Quote of the Day:

It all adds up to a perversion of one of Ronald Reagan’s best lines: Trust, and don’t verify.

–Robert Doar why means testing for public assistance has become a farce

 

Despite a healthy labor market, enrollment in Medicaid and the Supplemental Nutrition Assistance Program (SNAP) is high. What gives?

AEI's Robert Doar tells us what gives in a must-read piece in this morning's Wall Street Journal. Doar relies on a report on Medicaid in Louisiana to give us some insight.

 It studied Medicaid recipients in Louisiana and found that the overwhelming majority weren't actually eligible for assistance and would not have been receiving it if means testing meant anything at all.

The report came from Louisiana’s legislative auditor, Daryl G. Purpera, who selected 100 Medicaid recipients at random and found that than 82 of them shouldn’t have qualified for all the benefits they received.

Most were underreporting income, taking advantage of enrollment rules that allow people to join Medicaid without any verification.

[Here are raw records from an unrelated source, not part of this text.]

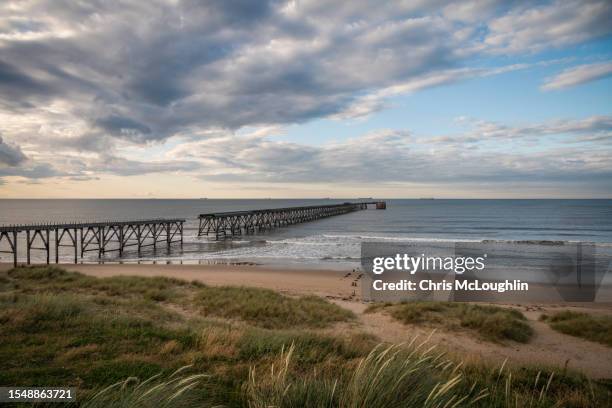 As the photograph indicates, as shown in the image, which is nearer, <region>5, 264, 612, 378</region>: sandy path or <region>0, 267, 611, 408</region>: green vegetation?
<region>0, 267, 611, 408</region>: green vegetation

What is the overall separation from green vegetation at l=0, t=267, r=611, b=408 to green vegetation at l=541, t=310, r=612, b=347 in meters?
5.54

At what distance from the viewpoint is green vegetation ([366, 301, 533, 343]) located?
34.0 feet

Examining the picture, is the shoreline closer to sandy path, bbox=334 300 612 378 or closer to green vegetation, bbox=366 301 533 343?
green vegetation, bbox=366 301 533 343

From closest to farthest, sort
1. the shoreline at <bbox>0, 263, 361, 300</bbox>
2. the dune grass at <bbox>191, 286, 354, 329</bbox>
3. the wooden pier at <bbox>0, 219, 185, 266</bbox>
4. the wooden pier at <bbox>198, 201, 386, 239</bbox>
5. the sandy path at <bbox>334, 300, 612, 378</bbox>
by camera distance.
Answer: the sandy path at <bbox>334, 300, 612, 378</bbox>
the dune grass at <bbox>191, 286, 354, 329</bbox>
the shoreline at <bbox>0, 263, 361, 300</bbox>
the wooden pier at <bbox>0, 219, 185, 266</bbox>
the wooden pier at <bbox>198, 201, 386, 239</bbox>

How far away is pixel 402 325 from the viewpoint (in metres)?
11.2

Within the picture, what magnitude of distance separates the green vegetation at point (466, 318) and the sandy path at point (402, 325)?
1.10ft

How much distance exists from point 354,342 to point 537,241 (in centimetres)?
3731

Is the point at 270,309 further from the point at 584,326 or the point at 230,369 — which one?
the point at 584,326

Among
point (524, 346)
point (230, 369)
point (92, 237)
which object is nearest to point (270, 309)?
point (230, 369)

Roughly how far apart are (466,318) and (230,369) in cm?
874

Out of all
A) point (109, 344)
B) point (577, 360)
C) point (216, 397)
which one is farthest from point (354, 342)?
point (577, 360)

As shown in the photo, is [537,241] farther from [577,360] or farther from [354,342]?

Ten of the randomly selected Medicaid recipients even had annual incomes above the state’s median household income.

So the taxpayer is footing the bill for people who are officially ineligible to receive benefits.

As Doar points out–and as this report makes clear–means testing has become mostly meaningless.

Administrators at the state and federal level have " consciously and significantly loosened the verification processes that once were part of enrolling applicants in SNAP, Medicaid and other programs."

Regulators, according to Doar, former commissioner of the New York City Human Resources Administration, have told states they can relax verification of eligibility. As a result, people who would once have been caught now underreport their incomes with impunity.

ObamaCare's Medicaid expansion is also a key factor in the growth of the number of people receiving assistance. It set eligibility at 138 percent of the federal poverty level and most often doesn't require verification of income claims made by the applicant.

Doar writes:

As described in a 2013 issue brief from the Centers for Medicare and Medicaid Services touting “simplified, real-time verification”: “Eligibility will be verified primarily through self-attestation.” Simplified indeed.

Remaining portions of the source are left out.